The filter thread is also bigger – it is now 67mm, versus the 62mm thread on the 85mm AF-D. This is not good news if you already own the older 85mm f/1.8D lens and bought specialized filters – larger 67mm filters would have to be purchased separately. Because the front element is round and is recessed inside the lens (which is good for shooting against the sun), it can be difficult to clean the outer area of the lens element that is close to the lens barrel. Because of this, I would recommend getting a good 67mm clear/protective filter such as B+W 67mm MRC clear filter and leave it on the lens at all times. Not only will it help protect the front element of the lens and reduce dust, but it will also make it much easier to clean the lens when needed.
Despite the bigger size and bulkier lens barrel, as I have already mentioned, the Nikon 85mm f/1.8G is actually 30 grams lighter than its predecessor and almost twice lighter than the Nikon 85mm f/1.4G! It balances really well with any DX camera and it feels just right in terms of size, weight and focal length on professional DSLRs like Nikon D3s as well.
I have received several inquiries from our readers about weather sealing on cheaper Nikon prime lenses. The short answer is “No”, these lenses are not weather sealed. While I have been using my Nikon 85mm f/1.8G lens in hot/cold/dry/wet weather conditions and have not had any issues, Nikon lenses without gold rings are not designed to withstand tough weather as professional lenses. That’s why Nikon does not specifically mention weather-sealing in their marketing materials on these lenses. Another good news is that the rear element of the lens does not move in and out when focusing, so you do not have to worry about changing the lens focus to infinity when changing lenses (like on the Nikon 50mm f/1.8G).
As for the focus ring, it is conveniently located on the front of the barrel, making it easy to manually focus with a thumb and index fingers while shooting images or video. The lens comes with the “HB-62” lens hood, which snaps on the front of the lens and sits tight without wobbling like some other Nikon lens hoods. The M/A and M switch on the side of the lens allows autofocus with manual focus override and full manual focus operation. The latest Nikon DSLRs like Nikon D5100 immediately recognize the focus position and provide notifications on the information (“I” button) screen.
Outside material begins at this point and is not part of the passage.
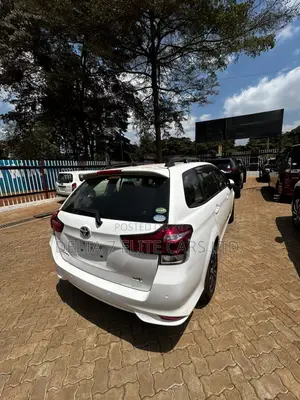 Toyota Corolla Fielder 1.5 Hybrid FWD 2019 White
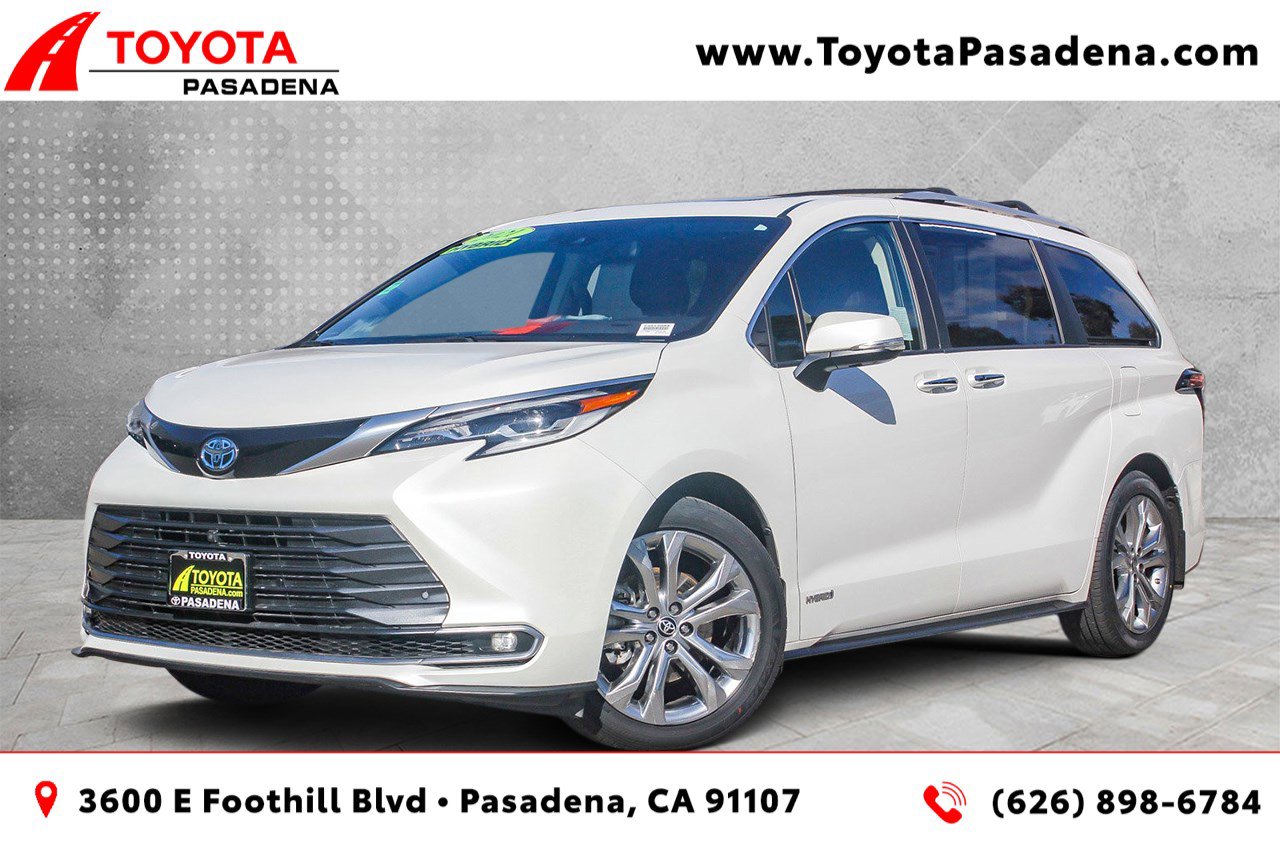 2021 Toyota Sienna Platinum's photo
I found autofocus performance and accuracy of the Nikon 85mm f/1.8G to be very similar to the Nikon 85mm f/1.4G. While AF is rather slow to begin with when compared to the older Nikon 85mm f/1.4D), it is definitely more accurate, as I have reported in my Nikon 85mm f/1.4G review. The Nikon 85mm f/1.4G seems to be a tad faster when rapidly changing focus from one subject to another, although the difference is not substantial, both in indoor and outdoor environments. Unfortunately, we are not in the same situation as the Nikon 50mm f/1.8G, which significantly outperforms its 50mm f/1.4G counterpart in AF performance.
I tested the AF acuracy of my lens sample with the LensAlign lens calibration tool and it turned out to be a little off, as seen from the sample crop from the LensAlign test:
I personally get annoyed any time a lens has front/back focus issues like this. I do not understand why manufacturers cannot do more thorough QA tests before their products are shipped to retailers. We, as consumers, should be receiving properly calibrated lenses and cameras and not having to deal with testing our gear using focus charts. Unfortunately, these kinds of QA issues happen with all manufacturers, including Nikon. In my experience, however, third-party manufacturers such as Sigma and Tamron typically have more QA issues (although they both have gotten much better lately).
As with any other lens, be careful when shooting at very large apertures in low light situations. If you cannot consistently get accurate focus in daylight, your lens sample probably has a front/back focusing issue.